● **The task**: Every line from the beginning of the records below up to the one holding "Valise De Loisirs" should be quoted exactly; leave out the rest.
(Beginning of Supplied records)
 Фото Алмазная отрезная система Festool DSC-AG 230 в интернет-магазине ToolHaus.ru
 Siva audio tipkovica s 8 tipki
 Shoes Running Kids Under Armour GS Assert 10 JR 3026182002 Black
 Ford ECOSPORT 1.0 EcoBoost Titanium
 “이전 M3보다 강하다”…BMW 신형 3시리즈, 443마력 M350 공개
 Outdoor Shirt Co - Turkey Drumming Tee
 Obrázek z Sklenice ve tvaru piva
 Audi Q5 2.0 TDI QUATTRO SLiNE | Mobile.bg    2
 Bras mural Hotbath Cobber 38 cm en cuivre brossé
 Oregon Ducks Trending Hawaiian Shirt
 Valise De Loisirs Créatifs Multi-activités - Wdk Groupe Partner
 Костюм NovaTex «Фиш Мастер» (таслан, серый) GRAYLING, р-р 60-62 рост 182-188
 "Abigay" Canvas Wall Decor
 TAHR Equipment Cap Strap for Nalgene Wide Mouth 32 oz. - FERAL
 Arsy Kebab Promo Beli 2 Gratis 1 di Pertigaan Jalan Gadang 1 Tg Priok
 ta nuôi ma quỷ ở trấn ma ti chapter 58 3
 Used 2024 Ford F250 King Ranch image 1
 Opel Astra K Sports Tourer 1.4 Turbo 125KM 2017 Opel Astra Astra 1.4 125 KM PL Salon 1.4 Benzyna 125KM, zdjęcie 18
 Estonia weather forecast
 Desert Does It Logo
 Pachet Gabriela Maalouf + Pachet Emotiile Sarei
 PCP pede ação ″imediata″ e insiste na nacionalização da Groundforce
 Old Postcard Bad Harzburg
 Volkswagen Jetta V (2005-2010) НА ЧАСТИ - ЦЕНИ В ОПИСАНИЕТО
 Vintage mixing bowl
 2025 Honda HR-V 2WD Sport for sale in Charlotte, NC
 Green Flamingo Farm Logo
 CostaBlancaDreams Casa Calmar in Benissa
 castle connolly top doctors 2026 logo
(End of Supplied records)
● **Output for this task**:
 Фото Алмазная отрезная система Festool DSC-AG 230 в интернет-магазине ToolHaus.ru
 Siva audio tipkovica s 8 tipki
 Shoes Running Kids Under Armour GS Assert 10 JR 3026182002 Black
 Ford ECOSPORT 1.0 EcoBoost Titanium
 “이전 M3보다 강하다”…BMW 신형 3시리즈, 443마력 M350 공개
 Outdoor Shirt Co - Turkey Drumming Tee
 Obrázek z Sklenice ve tvaru piva
 Audi Q5 2.0 TDI QUATTRO SLiNE | Mobile.bg    2
 Bras mural Hotbath Cobber 38 cm en cuivre brossé
 Oregon Ducks Trending Hawaiian Shirt
 Valise De Loisirs Créatifs Multi-activités - Wdk Groupe Partner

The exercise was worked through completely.